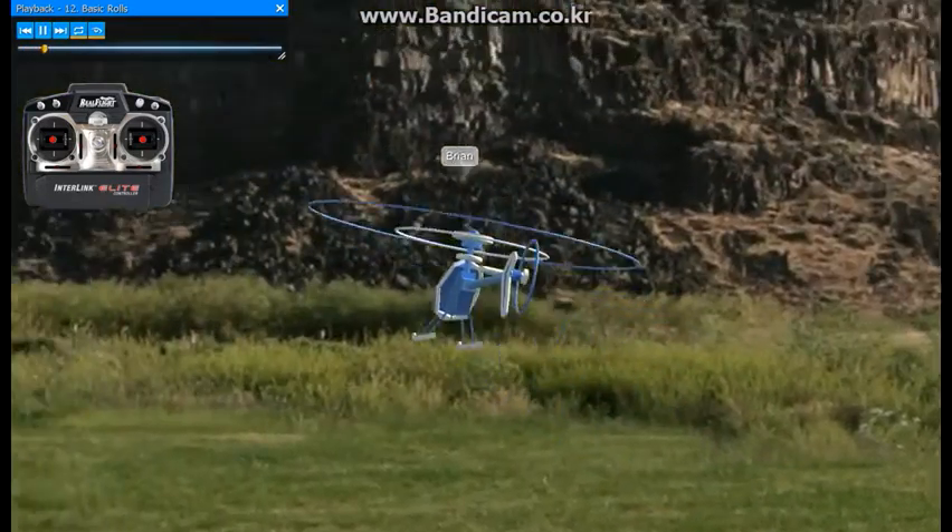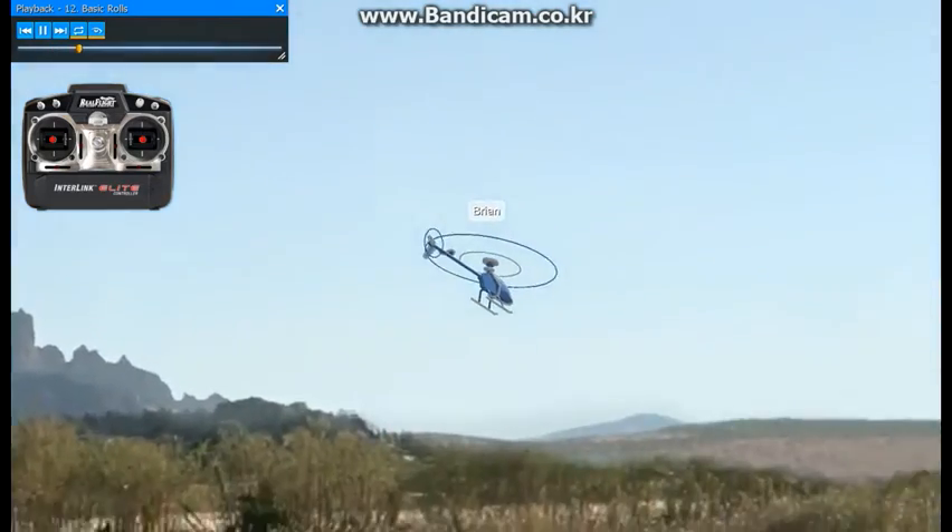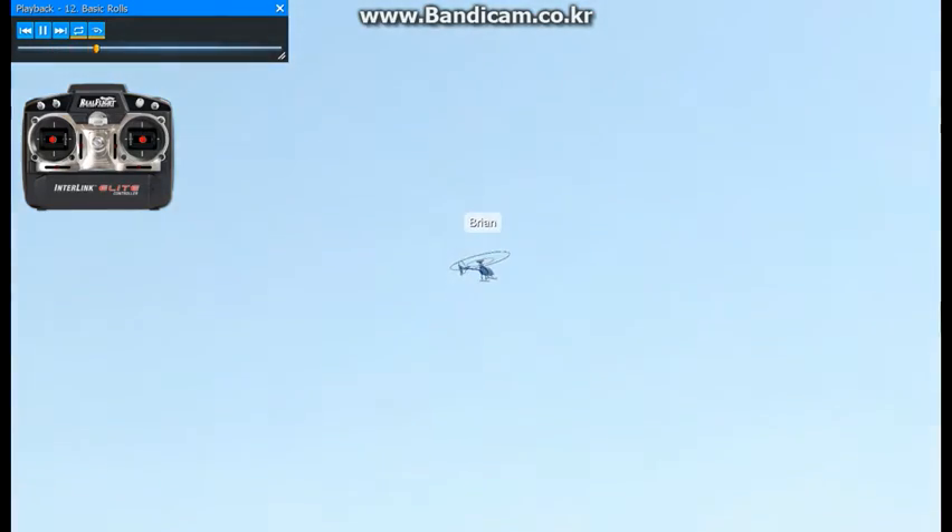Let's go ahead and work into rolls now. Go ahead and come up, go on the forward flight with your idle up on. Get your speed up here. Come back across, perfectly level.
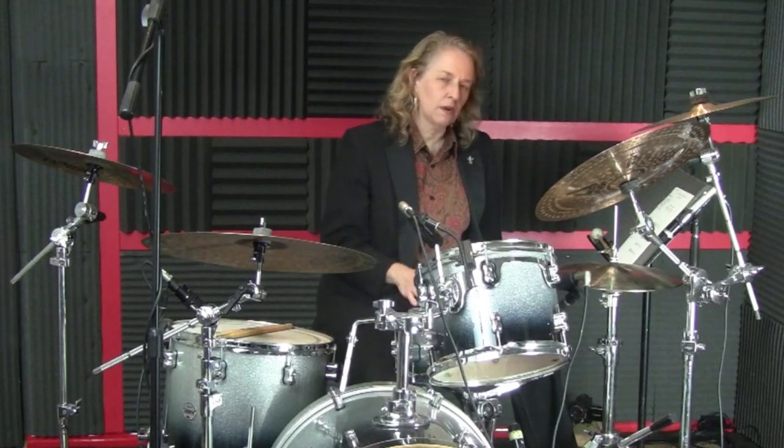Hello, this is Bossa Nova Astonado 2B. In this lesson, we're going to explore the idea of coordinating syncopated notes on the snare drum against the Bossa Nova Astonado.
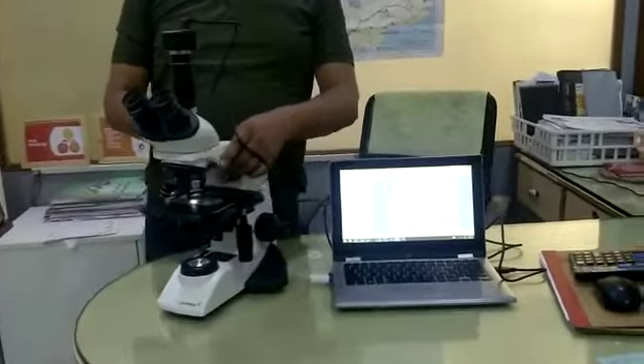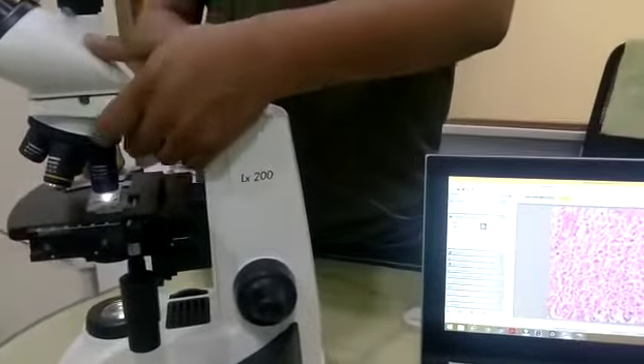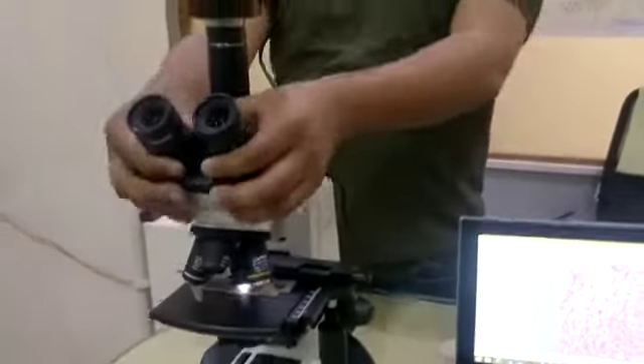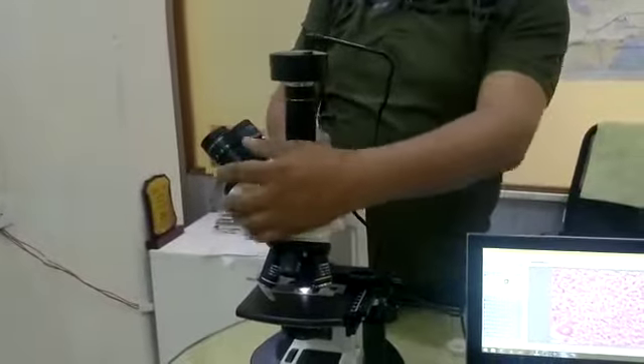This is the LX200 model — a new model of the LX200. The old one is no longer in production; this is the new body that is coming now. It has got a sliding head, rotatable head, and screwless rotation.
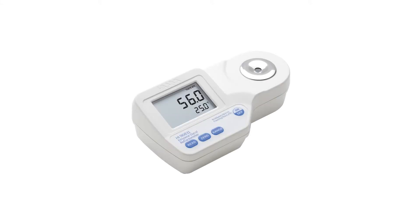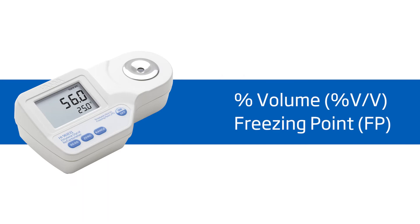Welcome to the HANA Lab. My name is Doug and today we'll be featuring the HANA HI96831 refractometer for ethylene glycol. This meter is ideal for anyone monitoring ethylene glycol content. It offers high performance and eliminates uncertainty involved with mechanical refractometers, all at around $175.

+ + + + +

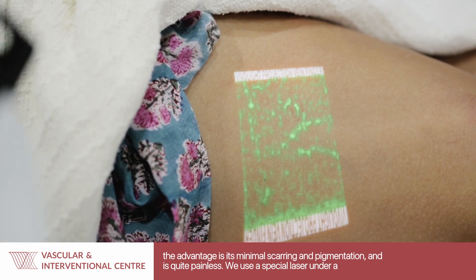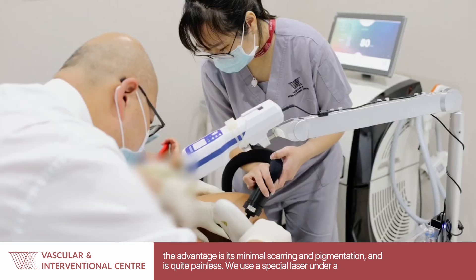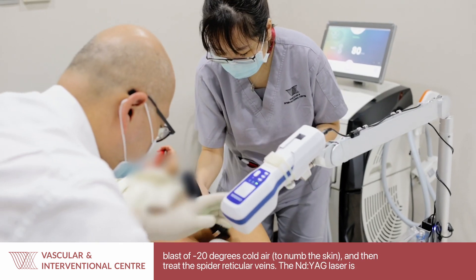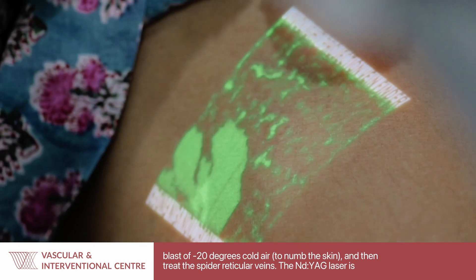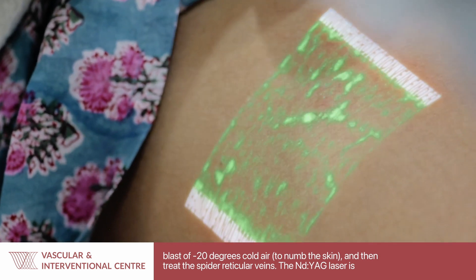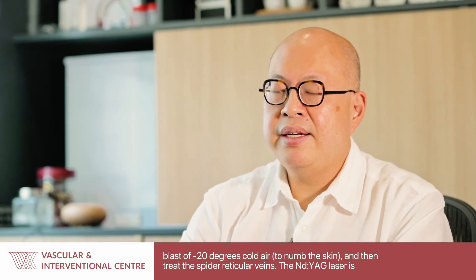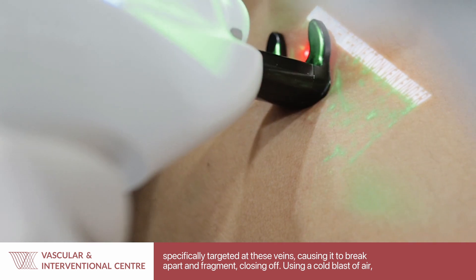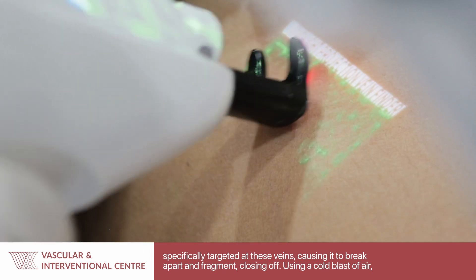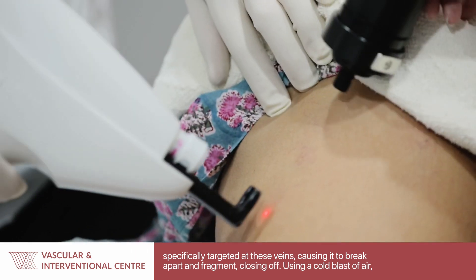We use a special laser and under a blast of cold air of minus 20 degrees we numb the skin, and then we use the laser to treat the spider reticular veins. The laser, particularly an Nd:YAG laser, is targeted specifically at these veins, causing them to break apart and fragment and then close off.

+ + + + +

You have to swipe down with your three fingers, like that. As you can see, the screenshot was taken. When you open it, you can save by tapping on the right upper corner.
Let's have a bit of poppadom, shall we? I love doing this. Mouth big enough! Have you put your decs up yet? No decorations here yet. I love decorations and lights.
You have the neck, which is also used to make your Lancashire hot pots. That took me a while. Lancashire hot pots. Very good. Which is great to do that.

+ + + + +

**EXERCISE AIM**: Working from the data above, extract solely the lines from the one containing "Let's have a" through the one containing "You have the", exactly as they appear, both included.

**REPLY TO THE TASK**:
Let's have a bit of poppadom, shall we? I love doing this. Mouth big enough! Have you put your decs up yet? No decorations here yet. I love decorations and lights.
You have the neck, which is also used to make your Lancashire hot pots. That took me a while. Lancashire hot pots. Very good. Which is great to do that.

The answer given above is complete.